In order to provide accurate recognition of individuals, the most discriminating information present in an iris pattern must be extracted. Only the significant features of the iris must be encoded so that comparisons between templates can be made. The template that is generated in the feature encoding process will also need a corresponding matching metric, which gives a measure of similarity between two iris templates. This metric should give one range of values when comparing templates generated from the same eye, known as intra-class comparisons, and another range of values when comparing templates created from different irises, known as inter-class comparisons. The two metrics that is used are explained in brief below.

A. Hamming distance :

The Hamming Distance gives a measure of how many bits are the same between two bit patterns . Using the Hamming Distance of two bit patterns, a decision can be made as to whether the two patterns were generated from different irises or from the same one. In comparing the bit patterns X and Y, the Hamming Distance, HD, is defined as the sum of disagreeing bits (sum of the exclusive-OR between X and Y) over N, the total number of the bit pattern.

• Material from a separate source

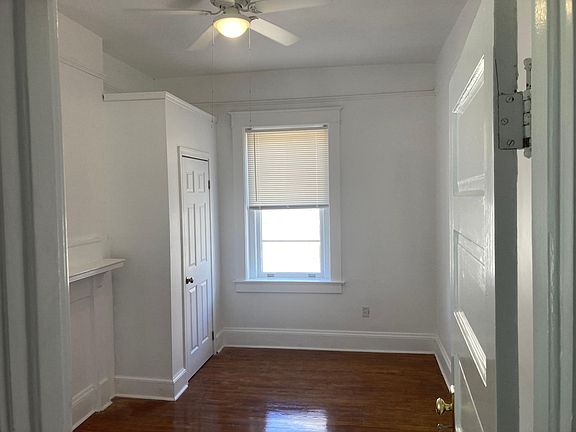 4th image of 238 W 32nd St #A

A. Euclidean distance (ED):

The Euclidean Distance (ED) can be used to compare two templates, especially if the template is composed of integer values. The weighting Euclidean distance gives a measure of how similar a collection of values are between two templates. The Euclidean distance metric is a classically used means of measuring the distance between 2 vectors of n elements.

PERFORMANCE ANALYSIS

The most commonly used metric for matching the two bit strings generated by query image and template stored in database is the Hamming Distance. It is a simple XOR operation where result equal to zero when both said a string has same bit string. Euclidean distance is especially useful for comparing matching whole word object elements of two vectors. It measures only distance between two iris code vectors. The figure 9 to 11 shows the obtained result -

Table I Recognition of performance comparing with existing methods

CONCLUSIONS and FUTURE SCOPE

In the Cumulative sum based change analysis feature extraction method, a normalized iris image is divided into cells and codes generated for these cells by the proposed code generation algorithm. The method is relatively simple and efficient compared to other existing methods. The recognition rate for cumulative sum based change analysis is 86.61% and the time required for feature extraction is 14.27s. In the next method the features are extracted by using Radial and Circular feature extraction method. The Performance of this algorithm is not encouraging. As the inter-class hamming distance distribution is almost overlapping with intra-class hamming distance distribution. It is very hard to find good separation point for this algorithm. Also this algorithm is based on result of edge detection and edge detection algorithms are not efficient for illumination in images. Some edges cannot be detected if image is taken in low illumination condition. This algorithm did not give better verification results. The neural network is another method which is used for personal iris recognition system. Using this method, iris segmentation is performed in short time. The located iris after pre-processing is represented by a feature vector. Using this vector as input signal the neural network is used to recognize the iris patterns. Among the three methods, the third method neural network gave better recognition rate of 96.8% and consumes less time i.e. 0.014s for feature extraction. Hamming distance is chosen as a classifier, which calculates the similarity between two iris codes. A lower hamming distance indicates higher similarity and the two templates were deemed to be generated from the same iris. The image 3.bmp has obtained the minimum Hamming distance and Euclidean distance. The Hamming distance for 3.bmp is 0.05 and Euclidean distance is 0.011.Therefore the test image belongs to the 3rd person. From all the future extraction method it is observed that the neural network gave the better result and the feature execution time is very less. So, among the three methods neural network is one of the better recognition systems.

ACKNOWLEDGMENT

I would like to thank all those who have contributed to the completion of the project report and helped me with valuable suggestion for improvement. Special thanks to Prof. M. R.Wargantwar, MIT, Aurangabad for her valuable guidance for the project.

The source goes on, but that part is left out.